Ces tapis d’algues en décomposition représentent-il une grande surface ?
Dans un article paru en août 2023 dans la revue scientifique Marine Pollution Bulletin, des chercheuses et des chercheurs du CEVA, le Centre d'Étude et de Valorisation des Algues (dans les Côtes d’Armor), ont estimé qu’entre 2003 et 2020, la surface cumulée des tapis d’algues en décomposition a représenté en moyenne 2,4 hectares par an, soit la surface de 19 piscines olympiques ; et plus de la moitié de ces échouages d’ulves ont été observés en Baie de Saint Brieuc-Binic.

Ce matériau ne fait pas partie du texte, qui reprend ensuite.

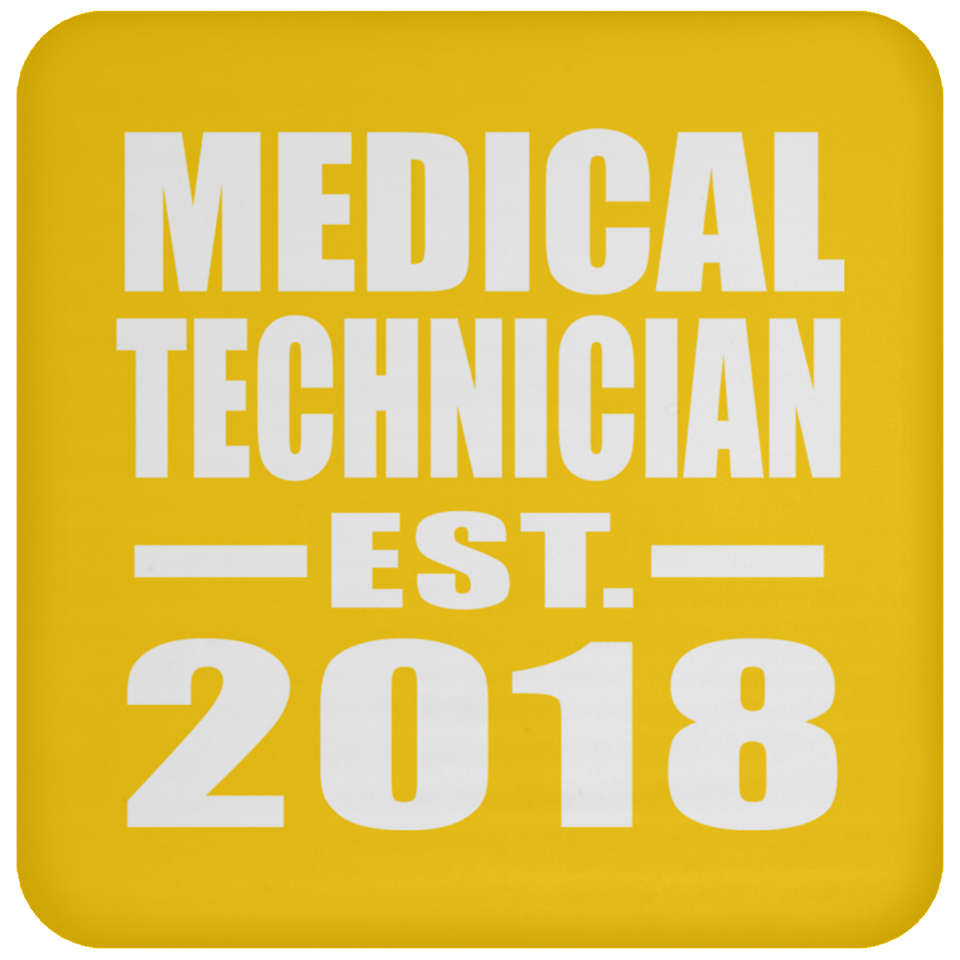 Medical Technician Established EST. 2018 - Drink Coaster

Pourquoi se développent ces marées vertes ?
Trois facteurs sont clairement identifiés. Premièrement : la géographie des baies refermées, sableuses, et en pente douce, où l’eau est peu renouvelée à chaque marée. Deuxièmement : une météo favorable avec un bel ensoleillement et de bonnes conditions de température et de vent. Et troisièmement : un apport élevé de nitrates par les rivières, un phénomène aussi appelé eutrophisation. Ce nitrate, NO3-, provient d’une utilisation très importante d’engrais azoté dans les champs ou de fuites de lisier.
Et c’est sur ce troisième facteur, lié aux activités humaines, qu’il est possible d’agir, n’est-ce pas ?

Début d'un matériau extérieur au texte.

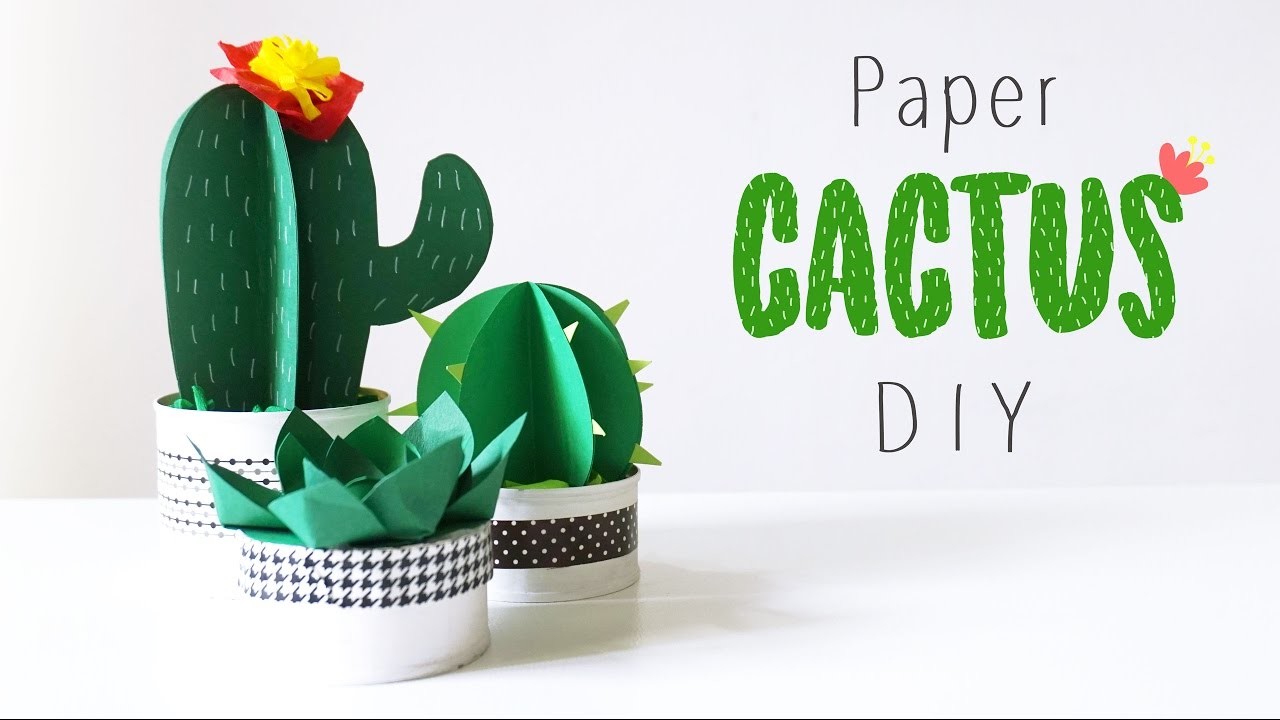 Paper Cactus DIY ???? Spring 2017 Tutorial ????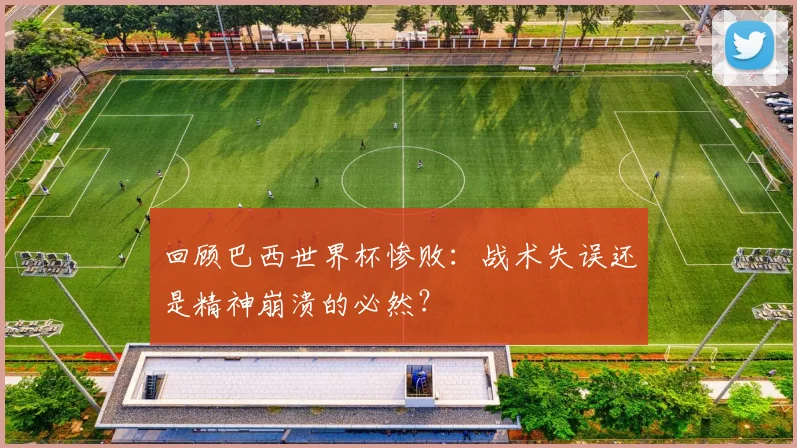 回顾巴西世界杯惨败:战术失误还是精神崩溃的必然?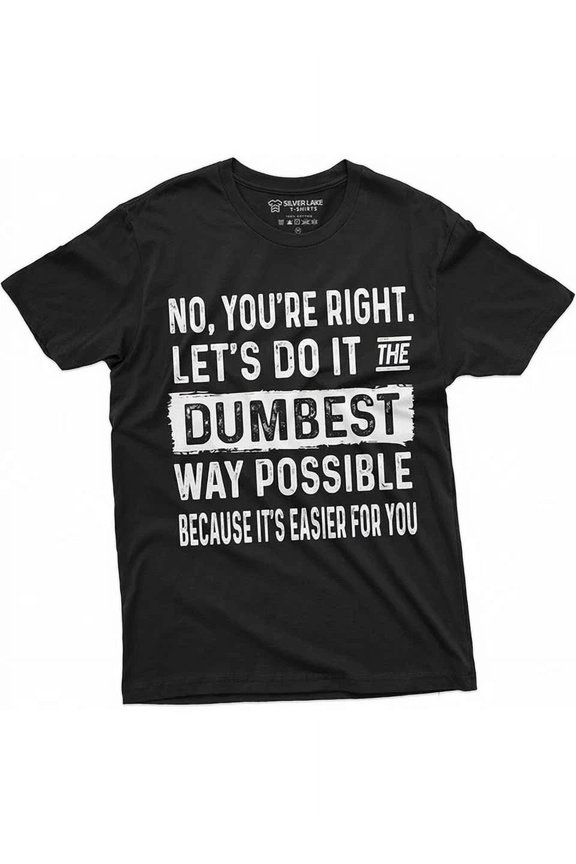 Mens Funny Saying T-Shirt Tee Dumbest Way Possible Tee Birthday Gifts; For Men & Women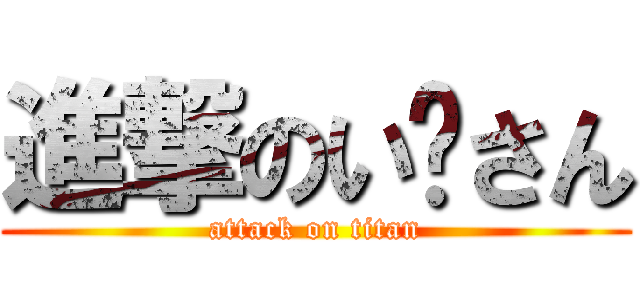 進撃のい〜さん (attack on titan)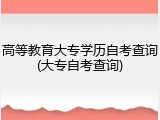 高等教育大专学历自考查询(大专自考查询)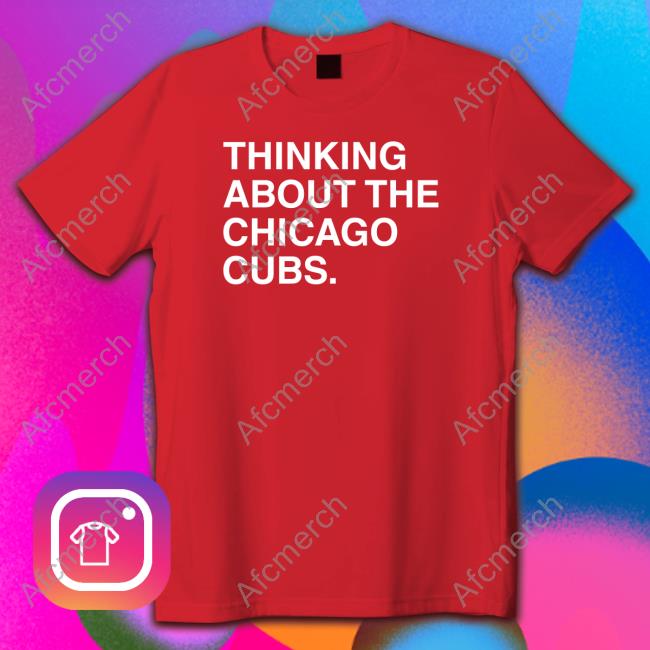 Obvious Shirts Thinking About The Chicago Cubs TankTop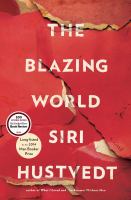 The blazing world : a novel /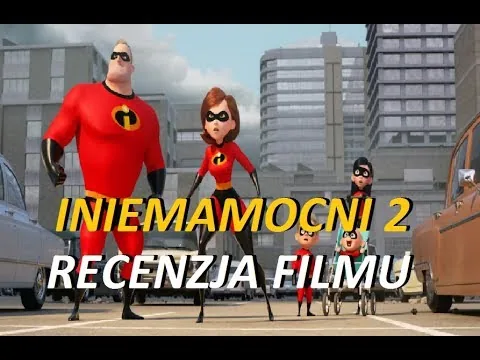Iniemamocni 2/The Incredibles 2 - recenzja filmu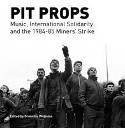 Cover image of book Pit Props: Music, International Solidarity and the 1984-85 Miners Strike by Granville Williams (Editor)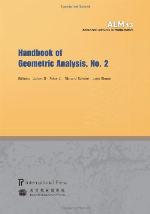 Handbook of Geometric Analysis, No. 2 (volume 13 of the Advanced Lectures in Mathematics series)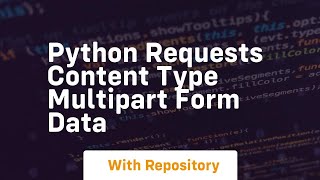 python requests content type multipart form data
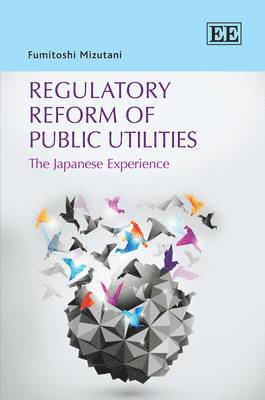 Regulatory Reform of Public Utilities 1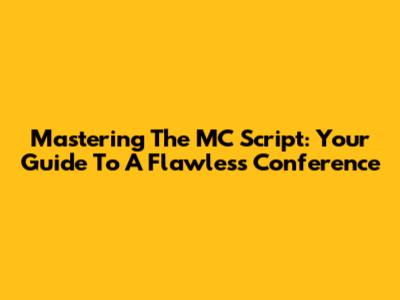 Mastering The MC Script: Your Guide To A Flawless Conference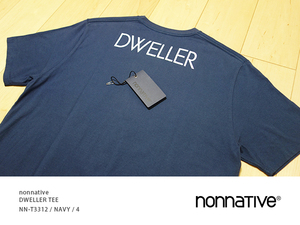 ◆ 美中古 4 nonnative DWELLER TEE NAVY NN-T3312 ◆ ノンネイティブ ドゥエラー T シャツ ネイビー 紺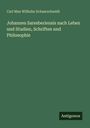 Carl Max Wilhelm Schaarschmidt: Johannes Saresberiensis nach Leben und Studien, Schriften und Philosophie, Buch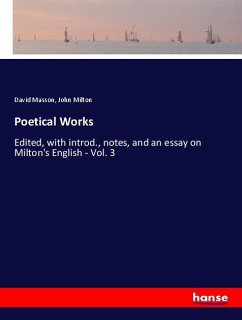 Poetical Works - Masson, David;Milton, John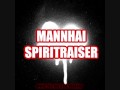 Mannhai - Spiritraiser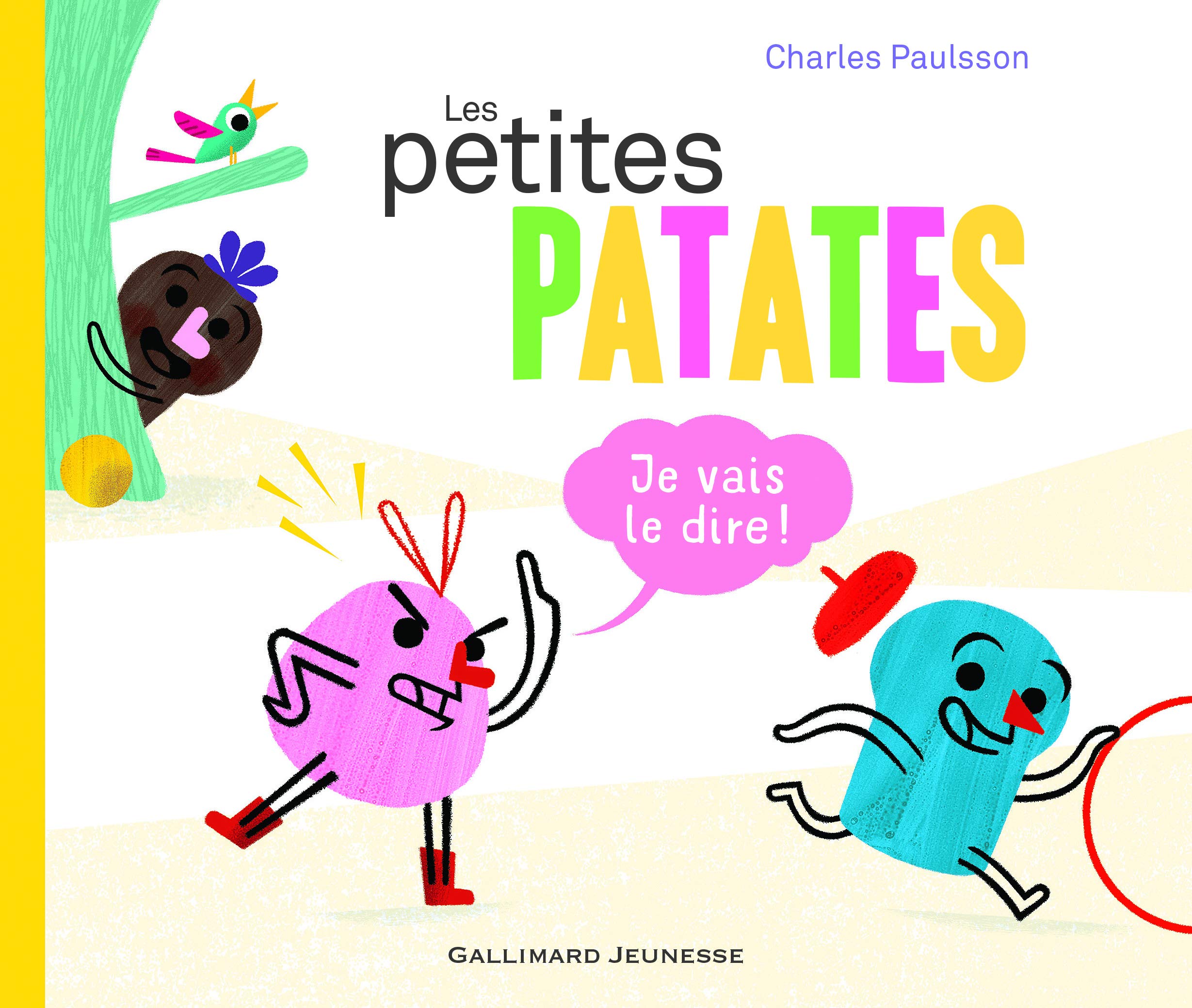Les petites patates 1/Je vais le dire ! Contemporary literature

Oui. En effet. En 2010 l’état français a mis en place le premier « Plan de Lutte contre les Algues Vertes » qui prévoyait le ramassage des algues échouées, une diminution de l’utilisation d’engrais azoté, et la réduction des fuites de lisiers. D’ailleurs, l’état verse aujourd’hui entre 600 000 et 1 million d’euros par an aux collectivités locales pour couvrir leurs frais de ramassage d’algues. Mais, 13 ans plus tard, le problème n’est pas réglé.

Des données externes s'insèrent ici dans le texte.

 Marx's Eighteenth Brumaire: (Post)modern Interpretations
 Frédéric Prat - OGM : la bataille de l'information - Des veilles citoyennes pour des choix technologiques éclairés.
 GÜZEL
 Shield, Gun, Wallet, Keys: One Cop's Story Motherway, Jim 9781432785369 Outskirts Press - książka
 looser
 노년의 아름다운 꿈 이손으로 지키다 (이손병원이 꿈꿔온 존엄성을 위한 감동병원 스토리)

D’ailleurs, si demain on stoppait net l’apport de nitrate sur nos côtes, il faudrait 10 ans pour que le problème cesse, étant donnée la grande quantité d’azote déjà libérée dans le milieu. Dans leur article, les scientifiques du CEVA soulignent en effet que la quantité d’algues échouées chaque année est fortement liée à la quantité d’algues résiduelles de l'année précédente.
Et quel est l’impact de ces marées vertes sur les écosystèmes côtiers ?
En plus de la production de sulfure d’oxygène, qui est toxique pour les animaux, elles entraînent une diminution de l’oxygène dans les eaux côtières, ce qui impacte directement les organismes marins et augmente la mortalité de la macrofaune benthique. Et puis la récolte des algues en décomposition perturbe aussi la faune et la flore du sable. Il devient donc nécessaire de réduire au plus vite l’élevage intensif et encourager la conversion en agriculture biologique.
Entretien réalisé par Laurence Aubron.